Tara Owens, Coastal Processes and Hazards Specialist with the University of Hawai‘i Sea Grant College Program and liaison to Maui County, is the recipient of the 2023 Caraid Award, given by the Integrated Ocean Observing System (IOOS) Association. She was selected for the award in recognition of her outstanding contributions to observing, understanding and protecting our oceans and coasts through vision, leadership, friendship, and collaboration.
The word “caraid” is a Scottish Gaelic word, meaning “care” or “love.” Ru Morrison, founder of the Northeastern Regional Association of Coastal Ocean Observing Systems, was the first recipient of the award and the inspiration for its creation that honors both his collaborative spirit and love for his Scottish homeland. The attributes of caraid–caring and the courage to do what matters–are critical to the success of a wide-spread and integrated program such as IOOS.
In partnership with Maui County, Owens’ role is to “bridge the gap” between science and planning for improved conservation of coastal resources and community resilience by providing technical guidance, consultations, site visits, and community outreach. Owens also interfaces with State and Federal agencies and the community on collaborative projects pertaining to climate change and coastal hazards, including beach erosion and sea level rise impacts.

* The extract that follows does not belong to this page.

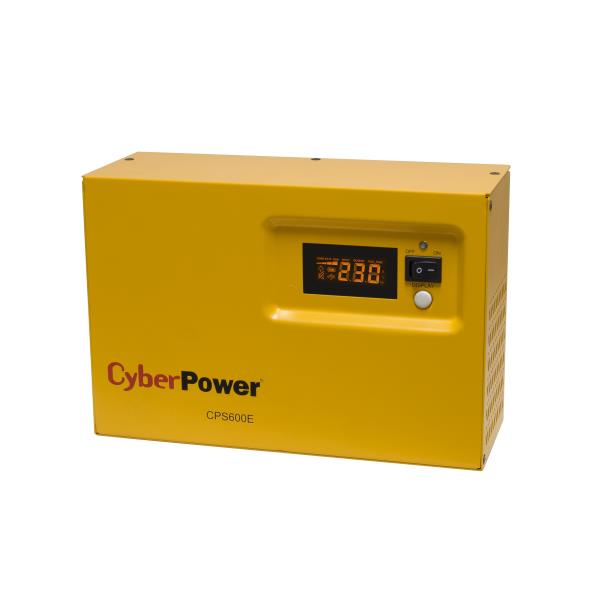 CyberPower CPS600E 600VA 420W Power Inverter – CYBERPOWER CPS600E_1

“We nominated Tara for the IOOS Association’s highest honor because of how she approaches her work,” said Melissa Iwamoto, director of the Pacific Islands Ocean Observing System (PacIOOS), based in the UH Mānoa School of Ocean and Earth Science and Technology. “Tara brings people together around an issue or need with respect, empathy, intellect, and aloha. Her enthusiasm for how ocean and coastal science and observations can support communities’ safety, protect property, and enable proactive decision-making in a changing climate is sincere and palpable. We are so grateful for our partnership with Tara and Hawai‘i Sea Grant.”

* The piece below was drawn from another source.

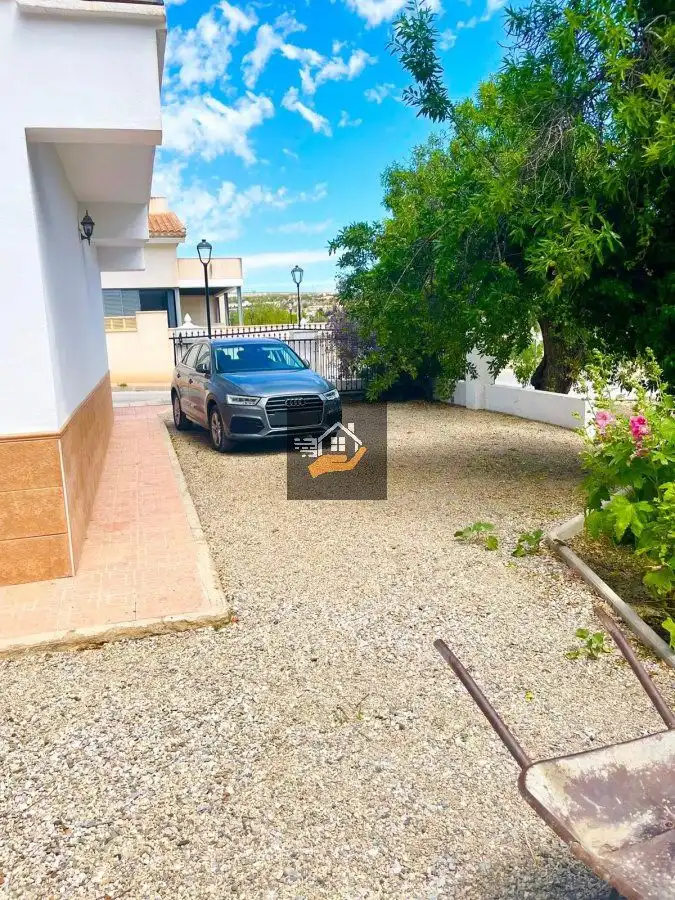 Villa con terrazza in vendita a Vélez-Rubio, imagen 4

“Tara exudes caraid– she is kind, empathic, knowledgeable, interested, honest, humble, and always eager to learn,” read the IOOS Association announcement of the award. “Through her collaborative, transparent approach and unwavering dedication, she has become an essential neutral broker of information on Maui and in the State of Hawaiʻi. She spends a huge amount of her time reaching out to communities to provide technical knowledge and to learn their perspectives in order to ensure government leaders are considering community perspectives in decision-making. If an issue comes up (as they often do), Tara’s cell phone will be ringing because everybody knows she will answer their questions honestly and in an approachable and public-friendly manner, assist them in their concerns, and ensure they are heard. Tara strives for excellence in herself, and her gratitude for the contributions from others helps bring it out in others.”
“I am so honored to be selected, and it certainly is nice to feel appreciated,” said Owens. “Of course, we never work alone and participation is a privilege, so I want to emphatically reciprocate appreciation to PacIOOS, Sea Grant, and many agency and community partners for their trust and partnership in our collective endeavors over the years.”